New World Bank Financing to Support Additional 36,000 Farming Households and Address Liberia’s Food Security Crisis
The World Bank approved an Additional Financing to the Rural Economic Transformation Project (RETRAP-AF) to the tune of $30 million in concessional International Development Association (IDA)* credit to improve productivity and market access for smallholder farmers and agri-enterprises for selected food value chains, especially for rice. This financing, which comes from the Crisis Response Window – Early Response Financing-CRW-ERF of IDA, will ensure that the Liberia Rural Economic Transformation Project (RETRAP) benefits an additional 36,000 households, thereby increasing the total number of beneficiary households by 60%, from 60,000 to 96,000.
“The recent global food crisis resulting from various global shocks such as the Russia-Ukraine war and climate change has underscored the need for Liberia to address the issue of food security,” said Khwima Nthara, World Bank Country Manager for Liberia. “I am glad that this additional financing will support rice production which is critical to food security in Liberia.”
This additional financing will support a supply response to the severe food crisis facing the country in line with the World Bank’s Crisis Response Framework. It will support increased agricultural productivity and development of selected value chains that are vital to food security and facilitate access to food. It will also strengthen the country’s food crisis prevention and monitoring systems and build community resilience to climate change. The original project covered 11 of Liberia’s 15 counties. With this financing, project activities will be extended to all 15 counties, thereby addressing food security issues nationwide.
“This additional financing will support expanded food production, focusing on rice but will also improve crisis monitoring, evaluation, coordination, and management.
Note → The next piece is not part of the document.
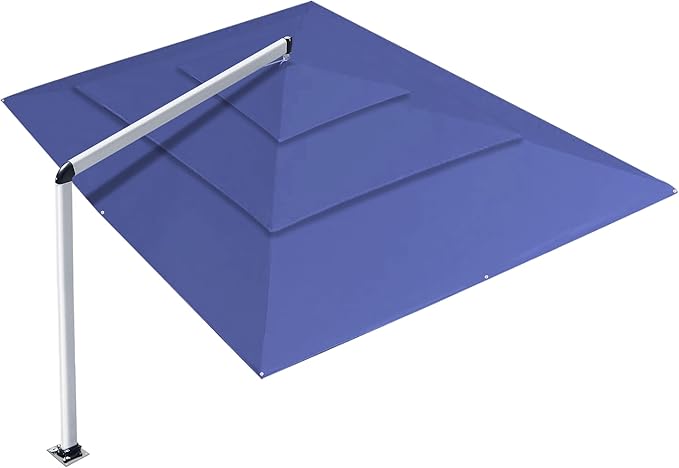 EliteShade USA Atlas 3-Tier 10x13FT Full Aluminum Cantilever Patio Umbrella for Outdoor Restaurant Garden Courtyard Deck Pool and Marketing with Light (No battery), Navy Blue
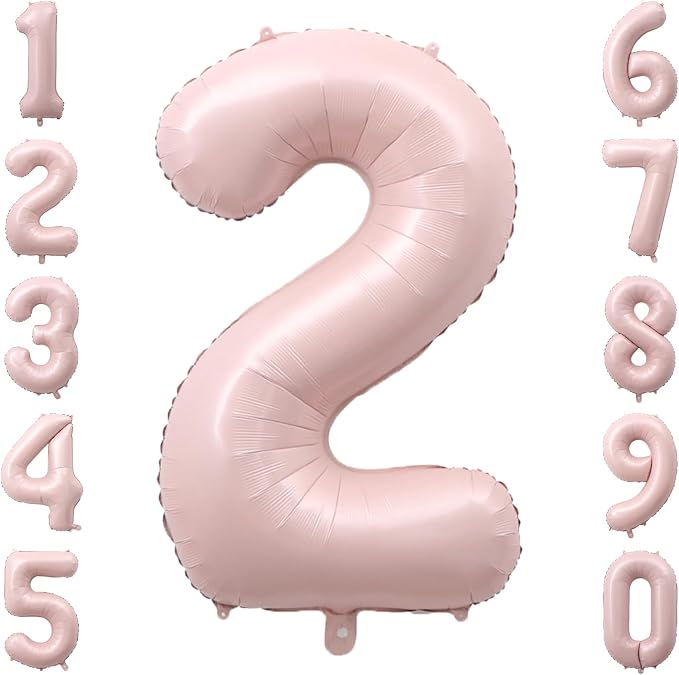 Baby Pink Number 2 Balloon 40 Inch, Pastel Rose Foil Theme Party Supplies | by Unknown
The financing will also cover other value chains such as palm oil and vegetables which are key to improved food and nutrition security – food availability and access, and also offer a high potential for income generation and poverty-reduction,” said Adetunji Oredipe and John Kobina Richardson, Co-Task Team Leaders for the project.
On building resilience to climate change, the additional financing will incorporate the use of climate-resilient seed varieties; investments in climate-resilient infrastructure and the adoption of practices that will prevent soil erosion and retain soil nutrients; improved water management; and efficient methods and technologies to manage pests and diseases.
*The International Development Association (IDA) is the World Bank’s fund for the poorest. Established in 1960, it provides grants and low to zero-interest loans for projects and programs that boost economic growth, reduce poverty, and improve poor people’s lives. IDA is one of the largest sources of assistance for the world’s 76 poorest countries, 39 of which are in Africa. IDA resources help effect positive change in the lives of the 1.6 billion people living in the countries that are eligible for its assistance. Since its inception, IDA has supported development work in 113 countries. Annual commitments are constantly on the rise and have averaged $21 billion over the past three years, with about 61% going to Africa.